Sizing Up Your Garden Plan and Crop Layout
A very important consideration when planning your vegetable garden is to think about the size, height, and growth habit of the crops and to plant according to these characteristics. This will also require consideration of the orientation of your garden and the direction that the sun tracks across your landscape.
You don’t want to position taller plants where they will shade shorter plants that are growing next to them. Also avoid planting a large bushy plant like a summer squash in a spot where it will spread and crowd neighboring crops. Or placing climbers like cucumbers in a position where you can’t provide them with plenty of room and support yet keep them organized and growing within their boundaries.
Give your plants the space they need to mature but don’t waste valuable garden space by neglecting to incorporate intensive gardening techniques into the gardening plan.
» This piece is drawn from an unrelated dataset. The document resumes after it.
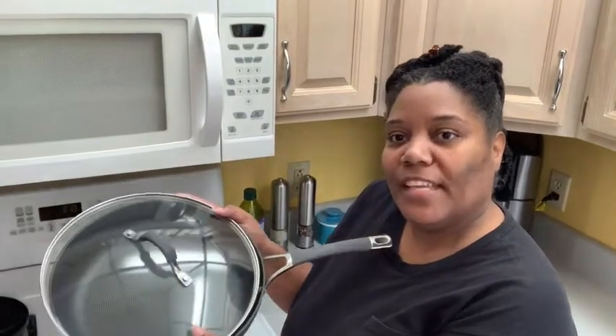Hi, I'm Dionne at WTI and I am in my kitchen with my 12 inch circle on frying pan.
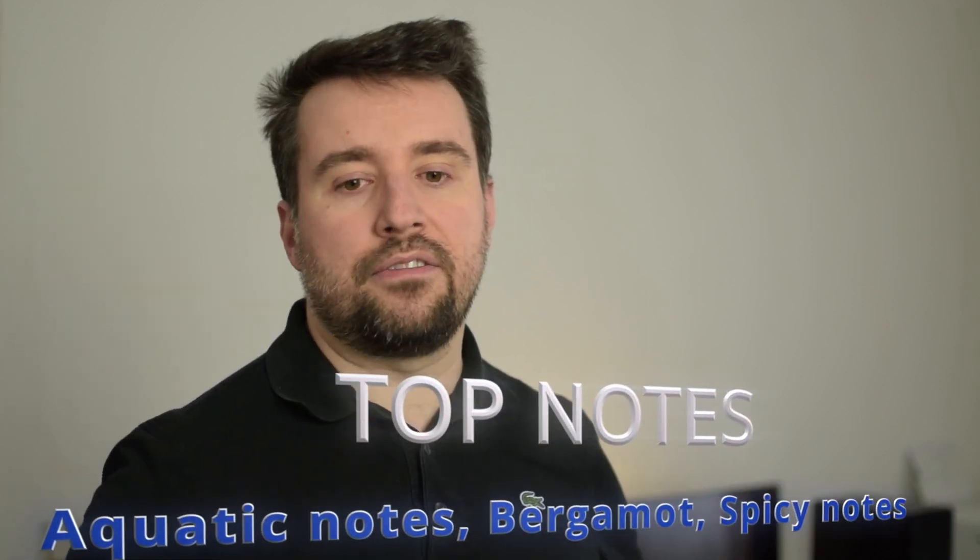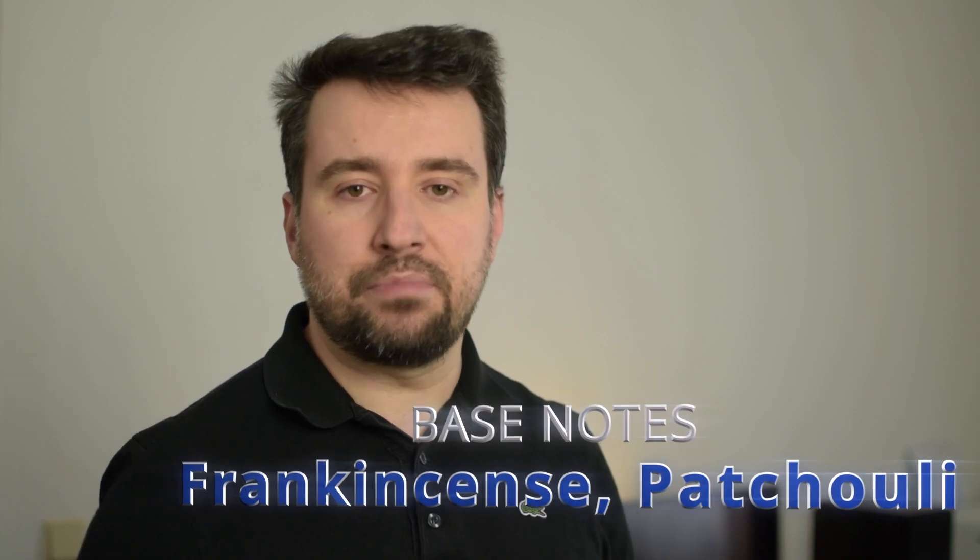In the top notes you'll have aquatic notes, bergamot, and spicy notes. In the middle notes: rosemary, sage, and geranium. In the base notes: frankincense and patchouli. If I smelled this from a sample without any label, I wouldn't necessarily recognize it as Acqua di Gio Profumo, because the bottle I had before was more similar to the original with a bit of frankincense and a mineral, rock-type of smell. But this one is very dark and rich in frankincense.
Just because those tomato plants need to be spaced four feet apart from each other doesn’t mean that you can’t plant smaller, quick maturing plants like lettuce, spring onions, or kohlrabi in between the tomato transplants.
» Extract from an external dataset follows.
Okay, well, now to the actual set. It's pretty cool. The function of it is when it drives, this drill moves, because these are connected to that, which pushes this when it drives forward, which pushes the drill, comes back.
Planning the Garden for Multiple Harvests
In order to maximize your garden’s production the most important consideration during the planning stage is to factor in how long your crops will occupy their space in the garden. Getting this right will enable you to employ succession planting techniques to grow two or three separate harvests in the same space that many gardeners grow a single vegetable crop.
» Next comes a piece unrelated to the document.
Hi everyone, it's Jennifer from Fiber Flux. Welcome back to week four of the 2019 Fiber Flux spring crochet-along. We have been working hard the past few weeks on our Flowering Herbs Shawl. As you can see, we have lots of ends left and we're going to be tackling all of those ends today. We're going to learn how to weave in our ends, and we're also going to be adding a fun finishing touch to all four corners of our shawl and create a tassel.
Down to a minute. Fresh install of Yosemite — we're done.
When I plan and plant my spring garden I’m always thinking forward to the end of summer and the fall vegetable garden. This means that I’ll remember to group plants with similar growing seasons and times to maturity in the same bed or growing area.
For example, by planting fast growing spring crops like spinach, lettuce, spring turnips, and radishes in the same area of the garden, once these plants have all matured a section of the garden will be free to be replanted with green beans, summer squash, and other vegetables that will enjoy the warmer season.
Garlic, multiplier onions, and shallots are another example of crops that you can plan to grow in the same area to take advantage of their similar growing season and time to maturity. When the bulbs are harvested in mid summer the bed can then be used to plant fall crops such as kale, mustard greens, cabbage, broccoli, and other cool weather vegetables.
By thinking and planning ahead the same area used to grow tomatoes, peppers, and eggplants can be replanted with your crop of fall garlic. In September after the tomatoes have slowed production, pull the vines, add a layer of compost to the bed and use the area to plant garlic to over-winter, or sow transplants of other fall and winter vegetables.
Planning for an Ornamental and Edible Garden
The final consideration when planning the garden is to think about the garden’s appearance and arrange the plants to provide the best ornamental effect. Many vegetable gardeners don’t worry much about the ornamental appeal of the garden, but with a little thought you can enjoy an edible garden that just as attractive as your favorite flower bed.
There are many unique vegetable varieties available that are not only tasty, but can also add an ornamental flavor to the vegetable garden with their unusual shapes, textures, and colors.
A little forethought and planning will go a long way towards creating a vegetable garden that’s overflowing with healthy, productive, and attractive fruits, herbs, flowers, and vegetables, and keep them growing continuously from spring right through the fall season.